The restaurant, Eastcoast, won many awards and more importantly, the attention of chefs and restaurant owners in Washington. While they still occasionally accept residential work—they are completing two homes now—they find that hospitality work, specifically restaurants, is their niche.
"We really have embraced hospitality," says Adamstein. "We love to cook, we love to entertain, travel, eat out. This is not just a job for us.
As young architects, when we went out to dinner our conversation would invariably turn to what we would do to improve the restaurant's environment. Sometimes we'd end up drawing sketches on the napkins."
The couple also takes satisfaction in knowing that many people enjoy the spaces they design. Furthermore, they find hospitality design interesting because of its many layers, from silverware to architecture. Adamstein and Demetriou like to control every detail of a project, but their primary concern is that a space be very strong architecturally. For them, there is no way to separate the architecture from the food.
At any one time, Adamstein & Demetriou will have 12 to 14 projects on the drawing table. The firm employs 13 architects and designers, and neither Adamstein nor Demetriou see the firm growing much larger.
Although there is a division of labor—Demetriou doing most of the designing and Adamstein taking care of the business and managerial end of the firm—they complement each other with similar design visions, yet different strengths. Thus, together they keep their design studio healthy.
"Theo may not be the one designing, but his voice comes through in our discussions and meetings," says Demetriou. "He has great ideas, plus a sense of business that is so important.
You cannot just be a good designer to have a successful design firm. There also must be someone who knows about scheduling, deadlines, costs and employment issues. Theo brings that to the firm."
As a married couple working together, they are frequently asked, "How do you do it?" Demetriou finds that sometimes their partnership helps their marriage, while other times the marriage supports the partnership. Adamstein has a more romantic explanation: they are soul mates in love and in architecture.
"There are times when I try to express something and Olvia will simply give my thoughts form," says Adamstein. "It's the other way around sometimes, too. We have a very symbiotic relationship. We mostly see eye-to-eye in matters of the heart or architecture."
Their current mutual love interest—aside from each other and their boys, Nicholas, 11, and Alexander, nine—is the 1923 Sears Roebuck catalog house they are renovating. The bungalow house sits on a hill west of Georgetown, overlooking Virginia. Adamstein says the house is in excellent condition, with their being only the third family to own the house in 80 years.
" We are keeping the original house, but removing two additions," Adamstein explains. "A new, modern bungalow will be entered through the old house, setting up an interesting dialogue between old and new."

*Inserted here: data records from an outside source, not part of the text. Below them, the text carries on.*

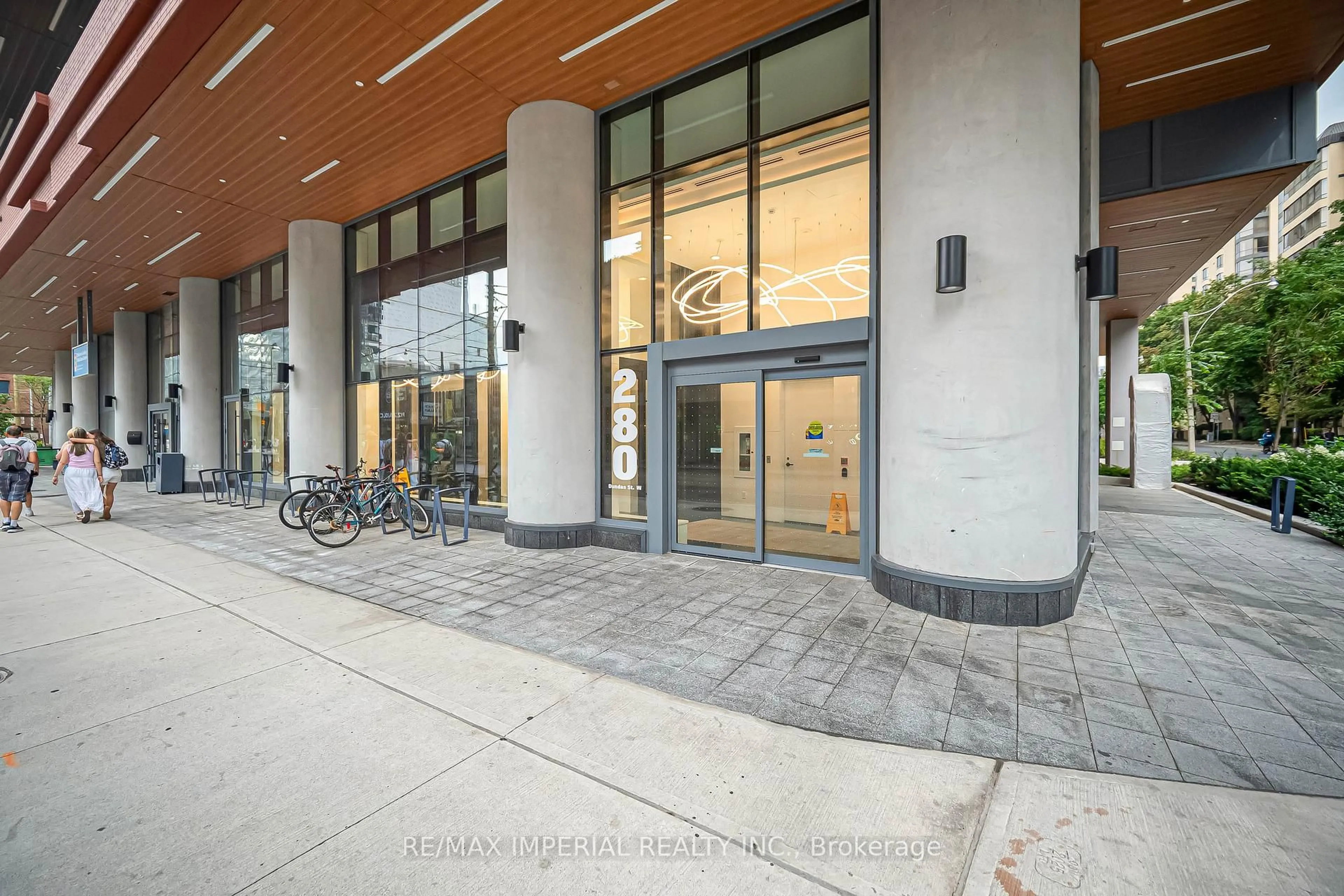 Indoor foyer for 280 Dundas St, Toronto Ontario M5T 0E3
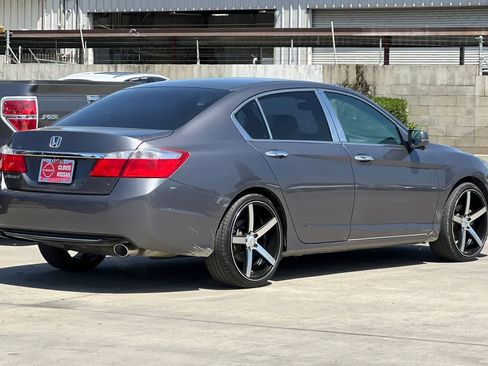 Used 2015 Honda Accord EX image 3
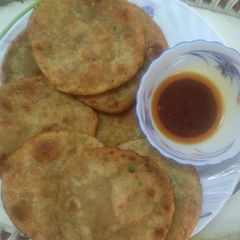 A picture of KaroiShutir Kochori / Green Peas Kachori.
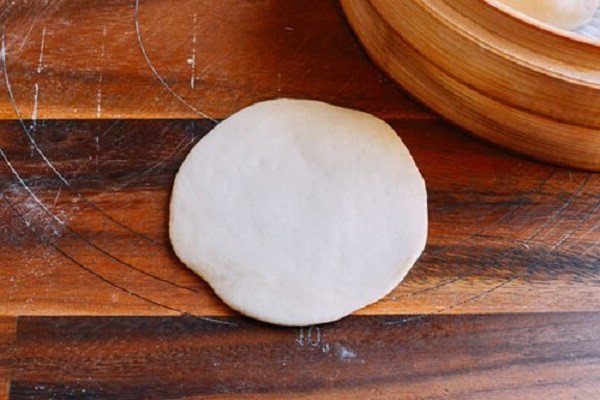 Cán bột làm vỏ bánh bao xá xíu mềm mịn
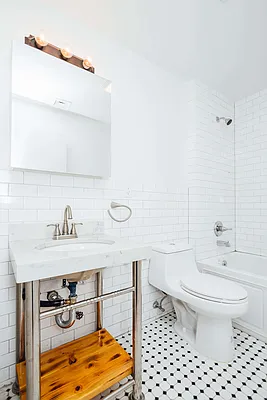 Rented by Nooklyn NYC LLC | media 17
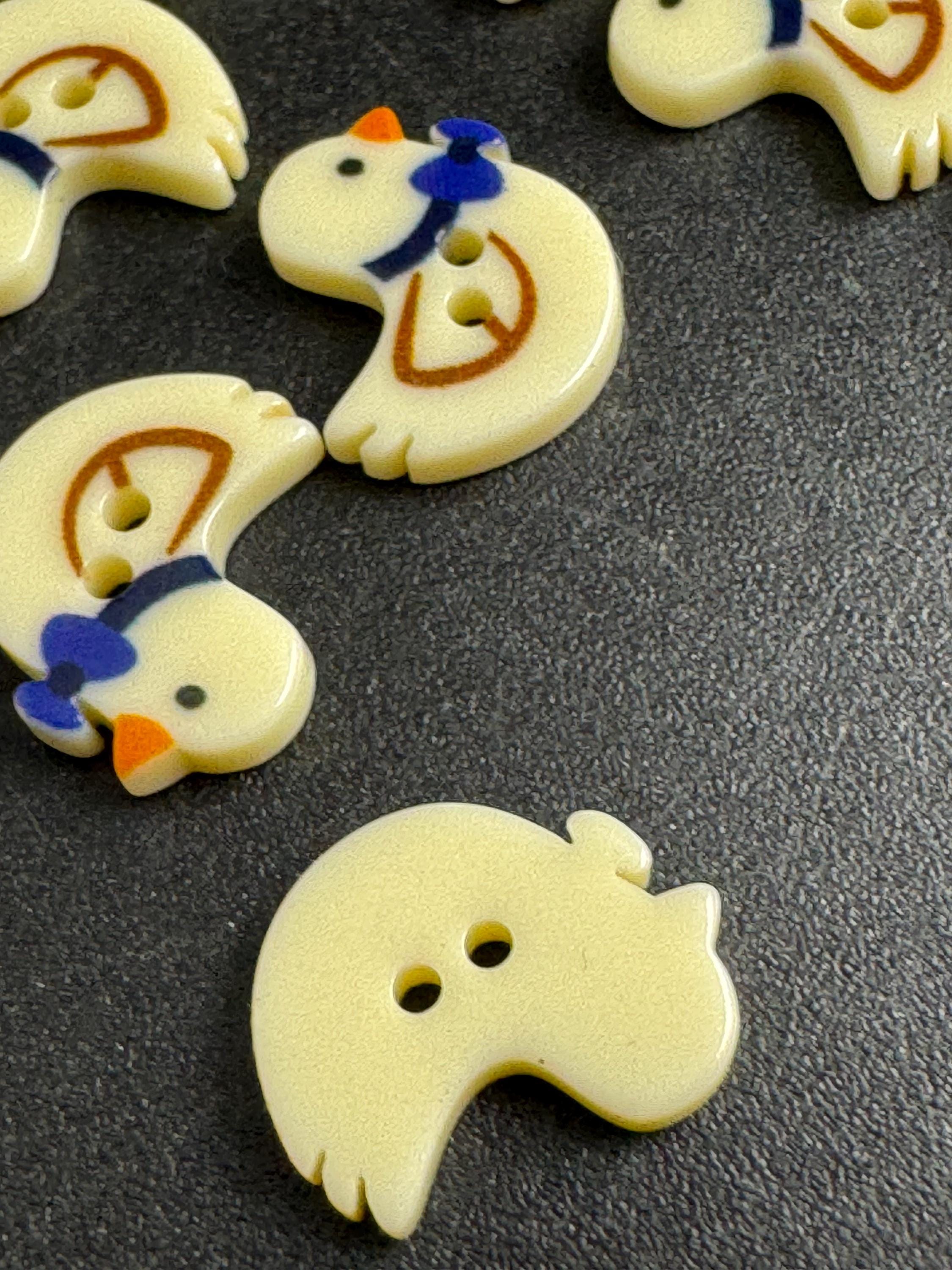 14mm duck Buttons: cream acrylic 2 hole Buttons, Set of 5 pieces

As one would expect, their experience designing restaurants influenced some of their decisions on the house, especially the kitchen, of course. The prep and cooking area will be separate from functions such as dishwashing and storage. However, the entire kitchen will be part of the home's living space, because as Demetriou points out, that is where company tends to congregate anyway.
Their sons also had something to say about the design of their new home.
"They are strict modernists," Adamstein laughs. "We had to assure them that the finished house would not look too old. Fortunately, we strive for a sense of timelessness in all of our work, so I think they will be pleased with the house."
Likewise, there are no heavy-handed gestures in the renovation of the house. Its essence will subtly shine, which is yet another influence from Adamstein and Demetriou's restaurant design work. Of course, it is also how they like to live, and if the success of Adamstein & Demetriou's restaurant designs is any indication, it is how many contemporary ladies and gentlemen like to live, too.